As their mission takes them from the bitter northern tundra to the smog-choked capital, their mutual loathing slowly turns to affection, bound by a shared history of alienation and oppression. However, trust can easily turn to betrayal, and as Évike reconnects with her estranged father and discovers her own hidden magic, she and Gáspár need to decide whose side they’re on, and what they’re willing to give up for a nation that never cared for them at all.
In the vein of Naomi Novik’s New York Times bestseller Spinning Silver and Katherine Arden’s national bestseller The Bear and the Nightingale, this unforgettable debut— inspired by Hungarian history and Jewish mythology—follows a young pagan woman with hidden powers and a one-eyed captain of the Woodsmen as they form an unlikely alliance to thwart a tyrant.
The Wolf and the Woodsman is a fantasy novel rooted in history and myth based on Jewish and Hungarian folklore. It creates a rich and complex picture of cultural identity and bloodlines.
On the surface, this book is a dark fairytale-esq with an enemies-to-lovers trope and a castoff protagonist-turned-heroine.
“If you stare long enough into the darkness of the forest, eventually something will stare right back.”
But there is a much sharper edge to it than that.

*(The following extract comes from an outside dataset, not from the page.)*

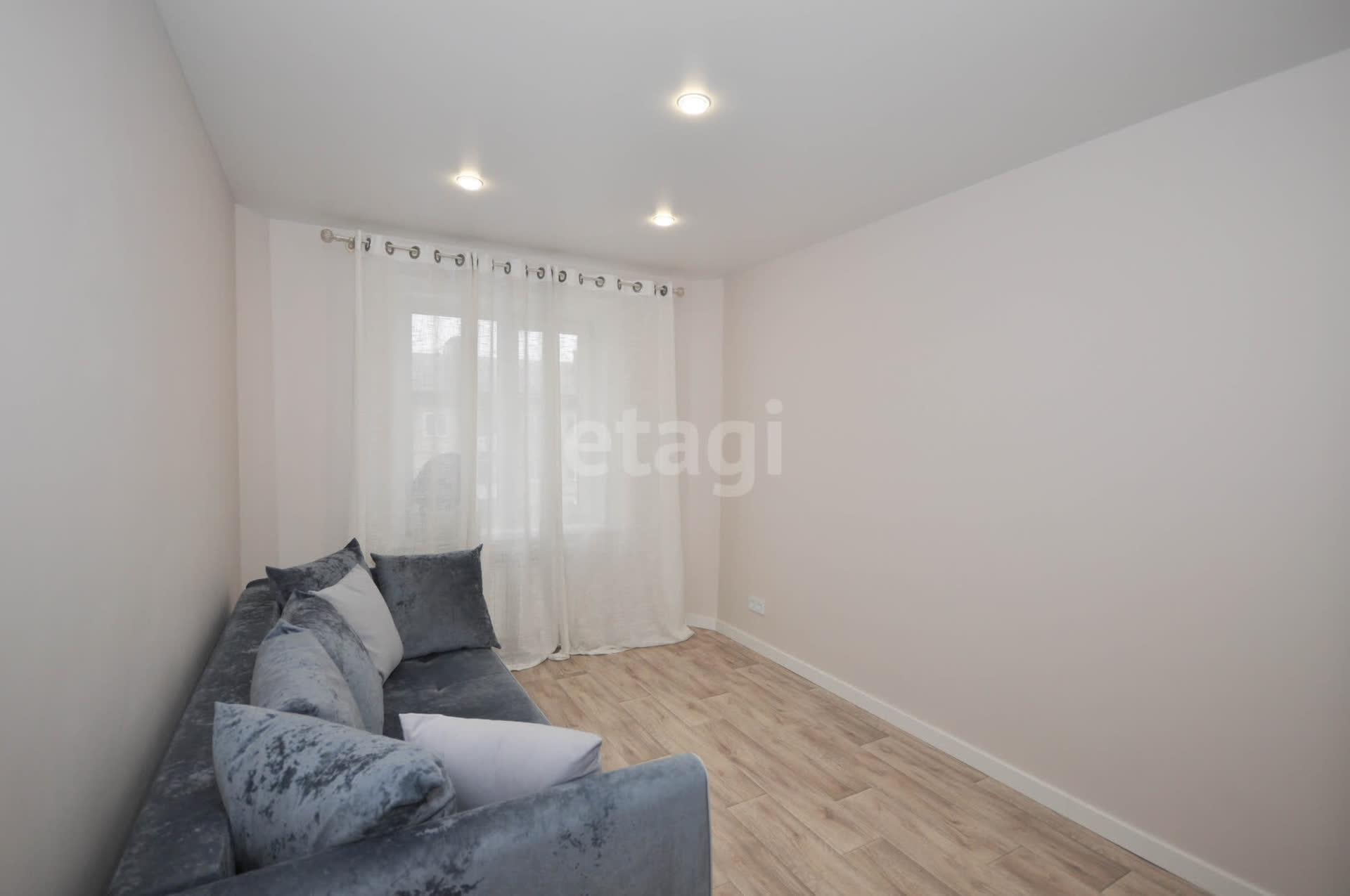 Продажа 3-комнатной квартиры, Южно-Сахалинск, Сахалинская область,  Южно-Сахалинск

This story explores nation-building with the aggressive and constant propaganda that oppresses the marginalized groups and has religious persecution, cultural genocide, and ethnic cleansing at the core.

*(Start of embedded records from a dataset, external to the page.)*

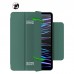 Чохол до планшета BeCover Magnetic Apple iPad 10.9" 2022 Dark Green (708533)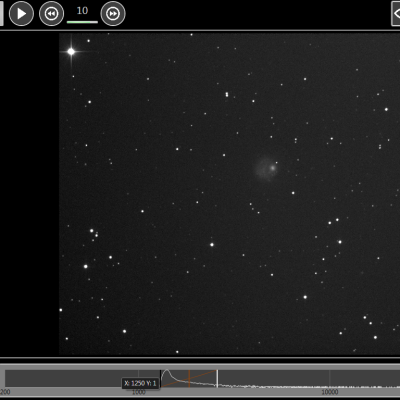 NGC 5474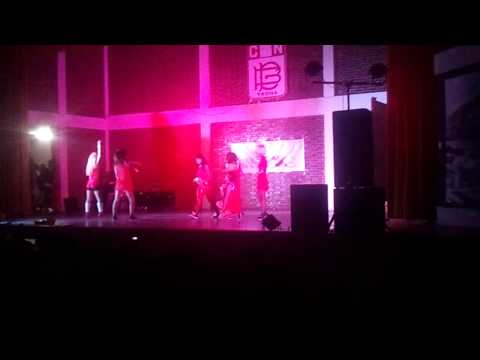 WhiteSpell - Wassup Mix (Evento Aniversario Daebak 2014)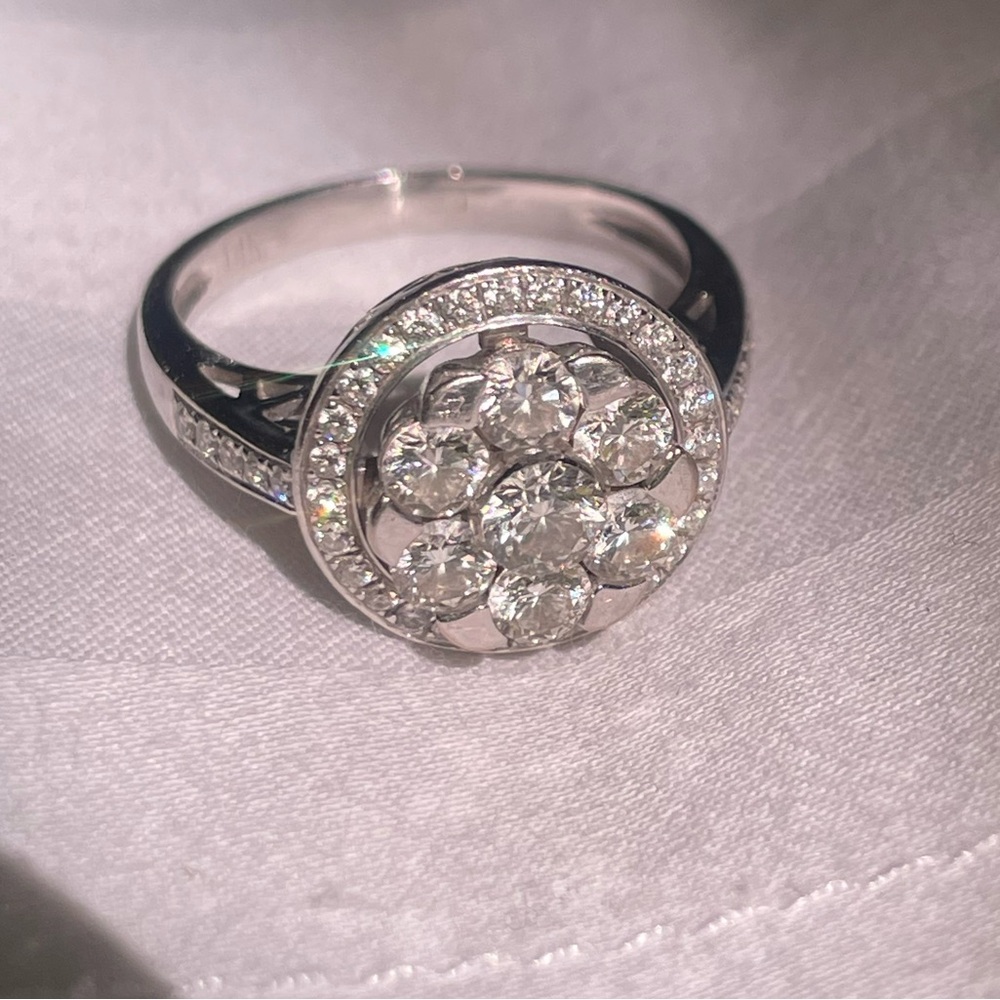 Diamond Ring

“All that talk of quiet obedience is for their benefit, not yours. They don’t have to go to the effort of striking you down if you’re already on your knees.”
Reid does an amazing job at weaving in the folklore stories through the plot as our characters travel through the lands and explore their own limits, beliefs, and circumstances.
The writing is gorgeous and atmospheric. The story is haunting and the words are powerful — perfectly reflective of the importance of both stories and words in both the novel and our lives.
This is not a young adult fantasy book and has many trigger warnings such as gore, self-harm, mutilation, antisemitism, genocide, ethnic cleansing, torture, and body harm as a magic system.